» **What to work on**: Nothing in the records should be altered; retype them all exactly.

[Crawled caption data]
____

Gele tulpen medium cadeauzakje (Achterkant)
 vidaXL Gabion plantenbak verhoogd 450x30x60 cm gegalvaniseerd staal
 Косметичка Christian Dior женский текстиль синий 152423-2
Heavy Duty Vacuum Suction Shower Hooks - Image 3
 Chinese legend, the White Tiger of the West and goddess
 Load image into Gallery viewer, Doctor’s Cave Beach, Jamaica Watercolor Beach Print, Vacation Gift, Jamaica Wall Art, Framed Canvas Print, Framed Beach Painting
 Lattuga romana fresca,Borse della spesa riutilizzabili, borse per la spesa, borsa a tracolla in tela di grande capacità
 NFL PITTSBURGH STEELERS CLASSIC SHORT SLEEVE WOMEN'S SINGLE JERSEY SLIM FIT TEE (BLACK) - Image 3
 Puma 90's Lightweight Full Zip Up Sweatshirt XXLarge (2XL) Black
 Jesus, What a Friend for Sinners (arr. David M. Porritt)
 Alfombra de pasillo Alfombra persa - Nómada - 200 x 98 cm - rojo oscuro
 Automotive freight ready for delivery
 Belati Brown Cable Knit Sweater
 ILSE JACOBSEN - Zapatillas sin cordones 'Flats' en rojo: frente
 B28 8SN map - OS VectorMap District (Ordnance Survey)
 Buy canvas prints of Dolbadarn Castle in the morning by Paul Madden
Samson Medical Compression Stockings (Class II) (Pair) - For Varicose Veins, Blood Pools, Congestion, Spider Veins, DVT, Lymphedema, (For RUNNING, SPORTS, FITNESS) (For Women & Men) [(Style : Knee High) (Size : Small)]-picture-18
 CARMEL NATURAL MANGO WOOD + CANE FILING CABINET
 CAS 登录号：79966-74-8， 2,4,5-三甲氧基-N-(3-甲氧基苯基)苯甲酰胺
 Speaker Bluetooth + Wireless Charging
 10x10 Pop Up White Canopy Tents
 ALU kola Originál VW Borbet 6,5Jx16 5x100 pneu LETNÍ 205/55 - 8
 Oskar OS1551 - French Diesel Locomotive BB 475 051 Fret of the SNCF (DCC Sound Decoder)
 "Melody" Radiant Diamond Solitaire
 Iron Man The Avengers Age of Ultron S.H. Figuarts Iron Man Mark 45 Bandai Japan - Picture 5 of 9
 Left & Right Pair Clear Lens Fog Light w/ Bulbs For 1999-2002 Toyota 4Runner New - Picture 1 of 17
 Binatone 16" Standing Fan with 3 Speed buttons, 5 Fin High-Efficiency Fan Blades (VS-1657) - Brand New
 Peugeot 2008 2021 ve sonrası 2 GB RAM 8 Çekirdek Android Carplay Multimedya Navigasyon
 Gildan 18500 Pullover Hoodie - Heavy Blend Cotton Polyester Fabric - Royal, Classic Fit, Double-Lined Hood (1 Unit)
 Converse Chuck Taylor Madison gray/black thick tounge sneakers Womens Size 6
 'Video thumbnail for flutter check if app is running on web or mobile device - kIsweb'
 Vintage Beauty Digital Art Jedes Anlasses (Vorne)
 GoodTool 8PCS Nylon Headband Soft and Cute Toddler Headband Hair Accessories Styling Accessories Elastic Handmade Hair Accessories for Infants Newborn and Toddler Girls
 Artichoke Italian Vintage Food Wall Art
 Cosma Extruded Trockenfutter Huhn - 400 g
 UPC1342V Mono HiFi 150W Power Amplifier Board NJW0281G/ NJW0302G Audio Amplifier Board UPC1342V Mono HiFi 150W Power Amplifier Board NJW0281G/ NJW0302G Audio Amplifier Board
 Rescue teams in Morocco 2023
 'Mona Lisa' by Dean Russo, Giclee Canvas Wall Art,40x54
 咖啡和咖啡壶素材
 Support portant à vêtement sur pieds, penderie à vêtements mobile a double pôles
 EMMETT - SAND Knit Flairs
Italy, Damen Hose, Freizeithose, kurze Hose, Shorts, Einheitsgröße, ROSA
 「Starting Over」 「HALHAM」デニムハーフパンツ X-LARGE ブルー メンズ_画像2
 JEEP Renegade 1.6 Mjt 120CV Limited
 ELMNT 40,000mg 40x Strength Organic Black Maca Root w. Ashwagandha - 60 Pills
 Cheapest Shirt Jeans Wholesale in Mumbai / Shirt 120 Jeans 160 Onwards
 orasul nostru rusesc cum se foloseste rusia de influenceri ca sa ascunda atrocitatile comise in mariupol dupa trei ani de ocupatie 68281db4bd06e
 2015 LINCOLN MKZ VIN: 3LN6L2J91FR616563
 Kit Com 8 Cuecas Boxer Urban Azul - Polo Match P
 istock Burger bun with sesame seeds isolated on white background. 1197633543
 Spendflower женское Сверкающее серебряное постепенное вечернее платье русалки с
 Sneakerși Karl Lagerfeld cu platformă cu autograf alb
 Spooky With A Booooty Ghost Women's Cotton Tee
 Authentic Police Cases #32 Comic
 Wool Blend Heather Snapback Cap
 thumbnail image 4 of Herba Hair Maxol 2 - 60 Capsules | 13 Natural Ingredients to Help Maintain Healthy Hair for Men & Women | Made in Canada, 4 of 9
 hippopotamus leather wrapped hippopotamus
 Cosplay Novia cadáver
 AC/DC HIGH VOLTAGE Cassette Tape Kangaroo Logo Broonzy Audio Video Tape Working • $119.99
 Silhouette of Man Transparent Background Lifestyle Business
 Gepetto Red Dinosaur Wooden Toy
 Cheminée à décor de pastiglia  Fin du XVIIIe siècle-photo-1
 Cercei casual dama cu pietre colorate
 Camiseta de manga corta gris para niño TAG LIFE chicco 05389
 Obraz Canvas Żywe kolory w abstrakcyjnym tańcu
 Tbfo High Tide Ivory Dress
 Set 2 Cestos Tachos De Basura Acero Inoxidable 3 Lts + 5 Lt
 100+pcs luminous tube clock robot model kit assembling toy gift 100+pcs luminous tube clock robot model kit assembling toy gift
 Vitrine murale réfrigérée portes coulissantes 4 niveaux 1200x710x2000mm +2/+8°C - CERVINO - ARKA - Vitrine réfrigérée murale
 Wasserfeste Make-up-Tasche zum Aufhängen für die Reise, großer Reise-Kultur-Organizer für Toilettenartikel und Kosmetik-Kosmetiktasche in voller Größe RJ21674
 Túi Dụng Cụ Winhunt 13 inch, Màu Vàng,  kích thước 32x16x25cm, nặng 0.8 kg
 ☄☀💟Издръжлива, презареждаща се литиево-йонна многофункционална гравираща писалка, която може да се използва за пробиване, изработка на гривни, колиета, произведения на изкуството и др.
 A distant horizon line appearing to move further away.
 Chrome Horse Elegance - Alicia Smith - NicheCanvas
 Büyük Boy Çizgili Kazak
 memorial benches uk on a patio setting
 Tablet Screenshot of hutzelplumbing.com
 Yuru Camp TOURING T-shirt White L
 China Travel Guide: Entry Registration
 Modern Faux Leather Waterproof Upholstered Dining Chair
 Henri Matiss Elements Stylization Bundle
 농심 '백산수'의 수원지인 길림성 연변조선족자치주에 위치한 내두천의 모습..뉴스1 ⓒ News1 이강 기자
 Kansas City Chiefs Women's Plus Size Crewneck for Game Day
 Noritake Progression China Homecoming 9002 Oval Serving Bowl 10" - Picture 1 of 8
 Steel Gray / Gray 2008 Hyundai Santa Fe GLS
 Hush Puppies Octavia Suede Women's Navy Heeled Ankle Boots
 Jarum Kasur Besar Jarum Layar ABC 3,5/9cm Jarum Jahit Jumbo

____

» **Written reply**:
Gele tulpen medium cadeauzakje (Achterkant)
 vidaXL Gabion plantenbak verhoogd 450x30x60 cm gegalvaniseerd staal
 Косметичка Christian Dior женский текстиль синий 152423-2
Heavy Duty Vacuum Suction Shower Hooks - Image 3
 Chinese legend, the White Tiger of the West and goddess
 Load image into Gallery viewer, Doctor’s Cave Beach, Jamaica Watercolor Beach Print, Vacation Gift, Jamaica Wall Art, Framed Canvas Print, Framed Beach Painting
 Lattuga romana fresca,Borse della spesa riutilizzabili, borse per la spesa, borsa a tracolla in tela di grande capacità
 NFL PITTSBURGH STEELERS CLASSIC SHORT SLEEVE WOMEN'S SINGLE JERSEY SLIM FIT TEE (BLACK) - Image 3
 Puma 90's Lightweight Full Zip Up Sweatshirt XXLarge (2XL) Black
 Jesus, What a Friend for Sinners (arr. David M. Porritt)
 Alfombra de pasillo Alfombra persa - Nómada - 200 x 98 cm - rojo oscuro
 Automotive freight ready for delivery
 Belati Brown Cable Knit Sweater
 ILSE JACOBSEN - Zapatillas sin cordones 'Flats' en rojo: frente
 B28 8SN map - OS VectorMap District (Ordnance Survey)
 Buy canvas prints of Dolbadarn Castle in the morning by Paul Madden
Samson Medical Compression Stockings (Class II) (Pair) - For Varicose Veins, Blood Pools, Congestion, Spider Veins, DVT, Lymphedema, (For RUNNING, SPORTS, FITNESS) (For Women & Men) [(Style : Knee High) (Size : Small)]-picture-18
 CARMEL NATURAL MANGO WOOD + CANE FILING CABINET
 CAS 登录号：79966-74-8， 2,4,5-三甲氧基-N-(3-甲氧基苯基)苯甲酰胺
 Speaker Bluetooth + Wireless Charging
 10x10 Pop Up White Canopy Tents
 ALU kola Originál VW Borbet 6,5Jx16 5x100 pneu LETNÍ 205/55 - 8
 Oskar OS1551 - French Diesel Locomotive BB 475 051 Fret of the SNCF (DCC Sound Decoder)
 "Melody" Radiant Diamond Solitaire
 Iron Man The Avengers Age of Ultron S.H. Figuarts Iron Man Mark 45 Bandai Japan - Picture 5 of 9
 Left & Right Pair Clear Lens Fog Light w/ Bulbs For 1999-2002 Toyota 4Runner New - Picture 1 of 17
 Binatone 16" Standing Fan with 3 Speed buttons, 5 Fin High-Efficiency Fan Blades (VS-1657) - Brand New
 Peugeot 2008 2021 ve sonrası 2 GB RAM 8 Çekirdek Android Carplay Multimedya Navigasyon
 Gildan 18500 Pullover Hoodie - Heavy Blend Cotton Polyester Fabric - Royal, Classic Fit, Double-Lined Hood (1 Unit)
 Converse Chuck Taylor Madison gray/black thick tounge sneakers Womens Size 6
 'Video thumbnail for flutter check if app is running on web or mobile device - kIsweb'
 Vintage Beauty Digital Art Jedes Anlasses (Vorne)
 GoodTool 8PCS Nylon Headband Soft and Cute Toddler Headband Hair Accessories Styling Accessories Elastic Handmade Hair Accessories for Infants Newborn and Toddler Girls
 Artichoke Italian Vintage Food Wall Art
 Cosma Extruded Trockenfutter Huhn - 400 g
 UPC1342V Mono HiFi 150W Power Amplifier Board NJW0281G/ NJW0302G Audio Amplifier Board UPC1342V Mono HiFi 150W Power Amplifier Board NJW0281G/ NJW0302G Audio Amplifier Board
 Rescue teams in Morocco 2023
 'Mona Lisa' by Dean Russo, Giclee Canvas Wall Art,40x54
 咖啡和咖啡壶素材
 Support portant à vêtement sur pieds, penderie à vêtements mobile a double pôles
 EMMETT - SAND Knit Flairs
Italy, Damen Hose, Freizeithose, kurze Hose, Shorts, Einheitsgröße, ROSA
 「Starting Over」 「HALHAM」デニムハーフパンツ X-LARGE ブルー メンズ_画像2
 JEEP Renegade 1.6 Mjt 120CV Limited
 ELMNT 40,000mg 40x Strength Organic Black Maca Root w. Ashwagandha - 60 Pills
 Cheapest Shirt Jeans Wholesale in Mumbai / Shirt 120 Jeans 160 Onwards
 orasul nostru rusesc cum se foloseste rusia de influenceri ca sa ascunda atrocitatile comise in mariupol dupa trei ani de ocupatie 68281db4bd06e
 2015 LINCOLN MKZ VIN: 3LN6L2J91FR616563
 Kit Com 8 Cuecas Boxer Urban Azul - Polo Match P
 istock Burger bun with sesame seeds isolated on white background. 1197633543
 Spendflower женское Сверкающее серебряное постепенное вечернее платье русалки с
 Sneakerși Karl Lagerfeld cu platformă cu autograf alb
 Spooky With A Booooty Ghost Women's Cotton Tee
 Authentic Police Cases #32 Comic
 Wool Blend Heather Snapback Cap
 thumbnail image 4 of Herba Hair Maxol 2 - 60 Capsules | 13 Natural Ingredients to Help Maintain Healthy Hair for Men & Women | Made in Canada, 4 of 9
 hippopotamus leather wrapped hippopotamus
 Cosplay Novia cadáver
 AC/DC HIGH VOLTAGE Cassette Tape Kangaroo Logo Broonzy Audio Video Tape Working • $119.99
 Silhouette of Man Transparent Background Lifestyle Business
 Gepetto Red Dinosaur Wooden Toy
 Cheminée à décor de pastiglia  Fin du XVIIIe siècle-photo-1
 Cercei casual dama cu pietre colorate
 Camiseta de manga corta gris para niño TAG LIFE chicco 05389
 Obraz Canvas Żywe kolory w abstrakcyjnym tańcu
 Tbfo High Tide Ivory Dress
 Set 2 Cestos Tachos De Basura Acero Inoxidable 3 Lts + 5 Lt
 100+pcs luminous tube clock robot model kit assembling toy gift 100+pcs luminous tube clock robot model kit assembling toy gift
 Vitrine murale réfrigérée portes coulissantes 4 niveaux 1200x710x2000mm +2/+8°C - CERVINO - ARKA - Vitrine réfrigérée murale
 Wasserfeste Make-up-Tasche zum Aufhängen für die Reise, großer Reise-Kultur-Organizer für Toilettenartikel und Kosmetik-Kosmetiktasche in voller Größe RJ21674
 Túi Dụng Cụ Winhunt 13 inch, Màu Vàng,  kích thước 32x16x25cm, nặng 0.8 kg
 ☄☀💟Издръжлива, презареждаща се литиево-йонна многофункционална гравираща писалка, която може да се използва за пробиване, изработка на гривни, колиета, произведения на изкуството и др.
 A distant horizon line appearing to move further away.
 Chrome Horse Elegance - Alicia Smith - NicheCanvas
 Büyük Boy Çizgili Kazak
 memorial benches uk on a patio setting
 Tablet Screenshot of hutzelplumbing.com
 Yuru Camp TOURING T-shirt White L
 China Travel Guide: Entry Registration
 Modern Faux Leather Waterproof Upholstered Dining Chair
 Henri Matiss Elements Stylization Bundle
 농심 '백산수'의 수원지인 길림성 연변조선족자치주에 위치한 내두천의 모습..뉴스1 ⓒ News1 이강 기자
 Kansas City Chiefs Women's Plus Size Crewneck for Game Day
 Noritake Progression China Homecoming 9002 Oval Serving Bowl 10" - Picture 1 of 8
 Steel Gray / Gray 2008 Hyundai Santa Fe GLS
 Hush Puppies Octavia Suede Women's Navy Heeled Ankle Boots
 Jarum Kasur Besar Jarum Layar ABC 3,5/9cm Jarum Jahit Jumbo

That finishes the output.